Tarihçi Elie Barnavi, İsrail Devleti’ni kurmaya kafasını takmış Ben Guryon’un, olabilecekleri bile bile Exodus olayını organize ettiğini iddia ediyor. Ve sonuçta; Holokos’ta olanları sadece duymakla yetinen dünya kamuoyu, Birleşmiş Milletler’in, meşhur devlet kurma izni veren kararının hemen öncesinde Exodus olayı sayesinde artık Yahudilerin devletlerini kurması gerektiğine inanıyor. Sonuçta 29 Kasım 1947’de meşhur karar çıkıyor.

Exodus, Elie Barnavi’ye göre ‘makyavelist’ Ben Guryon sayesinde İsrail’in kuruluşunun en büyük itici gücü olur. Bu nedenle Barnavi, “her mazlum halkın kendi Ben Guryon’larına ihtiyacı var” diyor...

Evet, İsrail 60 yıl içinde dünyanın önde gelen ileri ve demokratik ülkelerinden biri olmayı başardı. Prof. Ersin Kalaycıoğlu’nun geçenlerde söylediği gibi, İsrail’deki demokrasi, ekonomik gelişmişliği de doğurdu.
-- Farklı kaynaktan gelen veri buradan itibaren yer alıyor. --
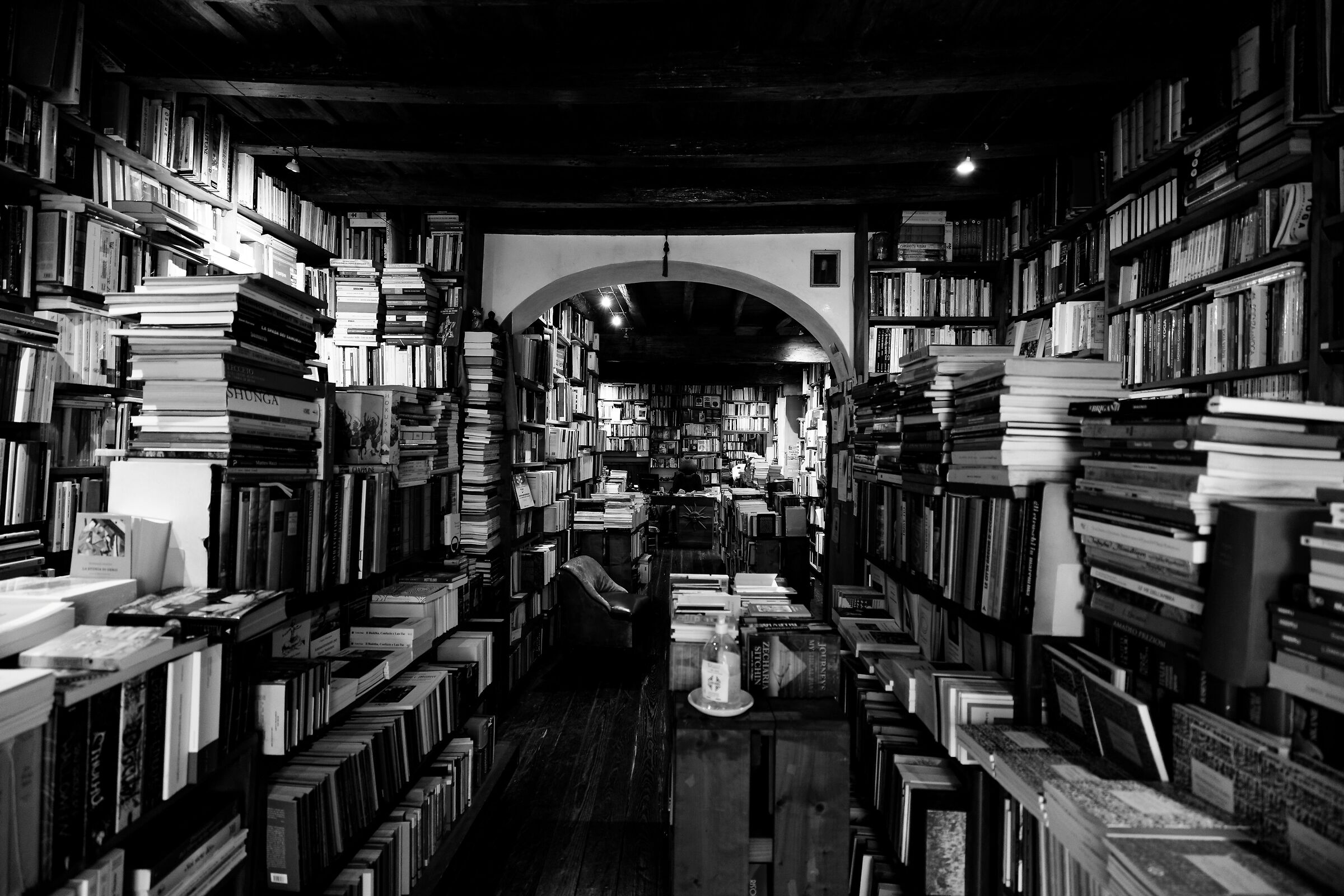 Una montagna di libri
Şimdi sıra Filistinlilerde.

Umutsuz olmaya gerek yok! 65 yıl önce, Japon kamikazeler ABD savaş gemilerine intihar saldırıları düzenlediklerinde kim 65 yıl sonra Japonya’nın en zengin ve en demokratik ülkelerden biri olacağını söyleyebilirdi ki?

Belki naif bir karşılaştırma ama olsun! Bırakın naiflik hakkımızı biz de kullanalım.

Kullanalım ki, kimselerin tekelinde olmasın!